Madrid - Flamencosänger, Mariachigitarristen, Panflöten- und Didgeridoospieler, aber auch Rockmusiker und afrikanische Trommler - alle waren sie gekommen. Denn in ihrem Regulierungsdrang veranstaltete Ana Botella (Partido Popular), die konservative Bürgermeisterin Madrids, Anfang Dezember ein dreitägiges Casting, offiziell "Tauglichkeitsprüfung" genannt, für Straßenmusiker.
Für eine der begehrten Lizenzen hatten die Bewerber erst Lebenslauf und Details zu ihrer Musik vorzulegen, um dann vor einer Jury aufzuspielen. Diese urteilte über die Qualität. "Ich fühlte mich wie das 'Supertalent' der Straße", scherzte etwa Bluesgitarrist Jaime nach seinem Auftritt: "Streng waren sie aber nicht."
Dennoch scheiterten mehr als 30 Prozent an der Hürde, wie das Rathaus bekanntgab. Kritisiert wurden seitens der Teilnehmer unter anderem mangelnde Information und Transparenz sowie die geringe Vorbereitungszeit von weniger als einem Monat.
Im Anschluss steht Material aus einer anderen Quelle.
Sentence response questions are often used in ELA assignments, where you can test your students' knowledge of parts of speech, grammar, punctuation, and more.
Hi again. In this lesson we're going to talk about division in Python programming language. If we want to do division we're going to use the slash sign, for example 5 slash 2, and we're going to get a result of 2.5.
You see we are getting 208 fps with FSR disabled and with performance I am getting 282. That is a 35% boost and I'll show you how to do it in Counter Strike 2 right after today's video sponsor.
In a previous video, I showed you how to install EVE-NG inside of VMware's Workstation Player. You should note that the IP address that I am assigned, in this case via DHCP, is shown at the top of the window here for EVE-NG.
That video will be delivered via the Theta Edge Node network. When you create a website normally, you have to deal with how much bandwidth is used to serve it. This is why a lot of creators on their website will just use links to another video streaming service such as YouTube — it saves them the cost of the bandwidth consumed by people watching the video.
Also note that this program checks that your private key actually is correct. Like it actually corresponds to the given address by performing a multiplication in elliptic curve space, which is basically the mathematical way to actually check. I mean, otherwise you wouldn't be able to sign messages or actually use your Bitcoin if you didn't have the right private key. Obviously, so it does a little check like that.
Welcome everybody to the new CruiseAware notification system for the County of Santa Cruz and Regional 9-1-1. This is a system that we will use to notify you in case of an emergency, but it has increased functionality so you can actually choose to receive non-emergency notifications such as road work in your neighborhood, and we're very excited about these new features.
Aber immerhin 318 (99 Solisten und 219 Bandmitglieder) von 460 Menschen, die angetreten waren, dürfen fortan im Zentrum der Metropole - das kürzlich zur "Akustischen Schutzzone" erklärt wurde - musizieren.
Perkussion ist Tabu
Unter Auflagen: Sie dürfen nicht länger als zwei Stunden durchspielen und müssen die Nachtruhe und die Siesta (15 bis 17 Uhr) respektieren, die Straße muss "breiter als sieben Meter" und die Musiker "mindestens 75 Meter vom nächsten Lokal oder Schaufenster entfernt" sein. Jegliche Perkussion, geschweige denn Lautsprecher und Verstärker sind klarerweise ein Tabu.
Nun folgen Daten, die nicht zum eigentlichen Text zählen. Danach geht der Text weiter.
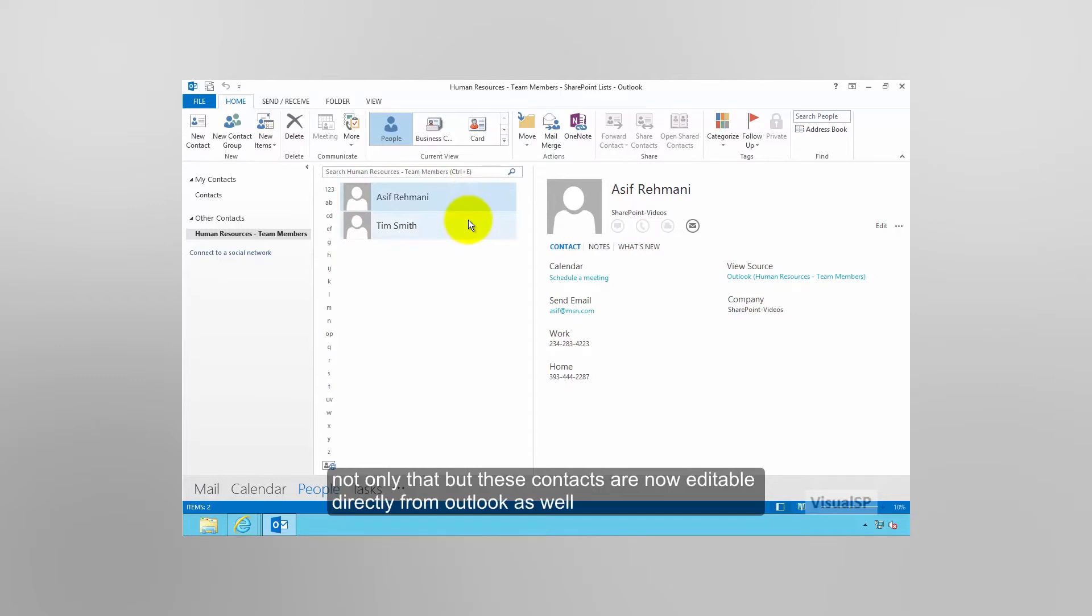Not only that, but these contacts are now editable directly from Outlook as well.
Botella, die übrigens als Bürgermeisterin, ohne gewählt zu werden, dem amtierenden Justizminister Alberto Ruíz-Gallardón folgte, ist drauf und dran, ihren Gatten, Ex-Premier José María Aznar, in puncto Unpopularität zu überflügeln. 2013 war ihr Annus horribilis: Ihre der Madrider Bewerbung keineswegs dienliche Rede vor dem Olympischen Komitee ist unter den Top-Ten-Peinlichkeiten des Time Magazine ("A relaxing cup of café con leche") gereiht, der Guardian tadelte ihre Verordnungen zur städtischen Sicherheit als "noch repressiver als unter Franco", und ein wochenlanger Müllabfuhrstreik brachte seitens der Weltpresse mehr Häme als den Bürgern Gestank. (jam, DER STANDARD, 20.12.2013)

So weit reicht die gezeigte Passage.